In my last piece I discussed the history of ancient Greek athleticism and its reflections in today’s world. From the occasional funeral games to regular Olympic games, Greeks valued amateurism and excellence more than professionalism and entertainment. Thus, sports have always been a “boutique” business, which needed the generous investments of the aristocrats.
However, there is not an aristocratic class nowadays and sports have become a gigantic business that is able to fund itself. Except for the Olympic athletes, whose medal-winning prizes barely cover their annuals costs (if they win any), almost all other athletes of major sports have professional contracts with clubs and teams. More importantly, athletes and the entities that employ them can make sponsorship contracts to increase their revenues, which was impossible back in ancient Greece.
Nevertheless, this financial magnitude comes with a cost: the necessity of keeping spectators satisfied. Although spectators were a part of ancient Greek culture, they were not a vital element like in today’s sport. But there was another sports tradition which sowed the seeds of the idea that sports are a matter of entertainment, not excellence. The Roman sports tradition (c. 509-31 B.C.) was more of a festival than an athletic competition, and it was rightly called a “spectacle.”
Romans took the Greek Olympic tradition and turned it into a huge festival by adding gladiatorial battles, drama, staged animal hunts and staged naval battles. They only kept chariot races from the Olympic tradition since the other athletic competitions seemed too tame and boring for the Roman crowd who were used to brutal gladiatorial combats. Called Ludi, these festivals were organized every year, mostly in September, to honor the gods or to boost the public morale in tough times.

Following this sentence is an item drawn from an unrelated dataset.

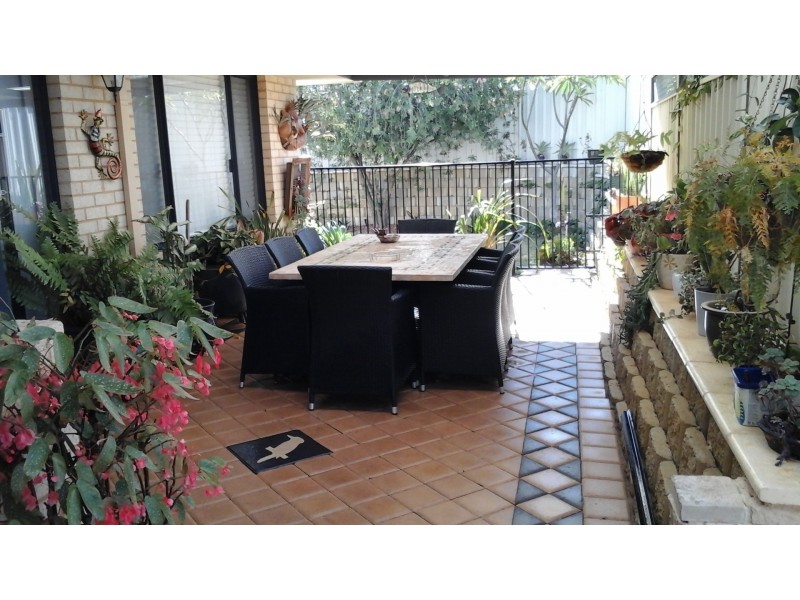 14 Rees Place, Wannanup WA 6210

Since the Roman spectacle occurred almost every year until the Roman Empire began to collapse, sometimes more than once a year, it created a stable industry. Unlike the Greek athletes who had to wait years for a competition, Romans were able to professionalize. All the chariots and gladiators had factions, a club like an organization which had hundreds of employees such as managers, trainers and assistant staff who took care of chores. For instance, there were four major chariot race factions – white, red, blue and green – and charioteers were able to switch teams like today’s professional athletes. Added to that, besides a large cash prize for winning, charioteers were also paid by their faction owners regularly.

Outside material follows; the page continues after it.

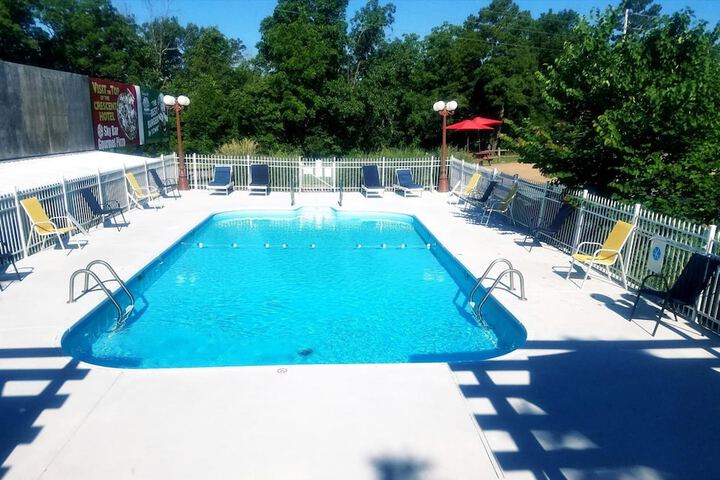 Hotel Pool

However, the prime event of the Ludis, if there were no special events like a huge naval battle, was the gladiatorial combats. It was called “munus,” meaning duty or gift. Gladiators were for the most part convicted criminals, prisoners of war, slaves or, as Cicero calls them, “either men of no moral worth or barbarians.” The rules were simple: A match could be won by one opponent killing the other, but this was not the only way. When a gladiator raised his index finger to the referee, it indicated that he was unwilling to continue. The “editor,” who was in charge of the munus in question, decided whether he deserved to live or die with the help of the crowd. It was the prime example of incorporating the audience into the game, a concept that today’s sports business people are so fond of.
From a professional perspective, gladiatorial events were very successful. Apart from having different types of equipment and different types of fighting styles, the brutality of the event was very attractive for the Romans. Nonetheless, as Cicero pointed out, the cost was the morals. Romans became so professional that there was hardly any pursuit of excellence in what they were doing. Although they managed to build a successful entertainment industry, the tradition they sought to follow was forgotten along the way. Even though sports or entertainment are no longer that brutal, I think it is the Roman tradition which is still dominant in our times. Perhaps balancing it with more amateurism and pursuit of excellence would be a better strategy in these difficult times.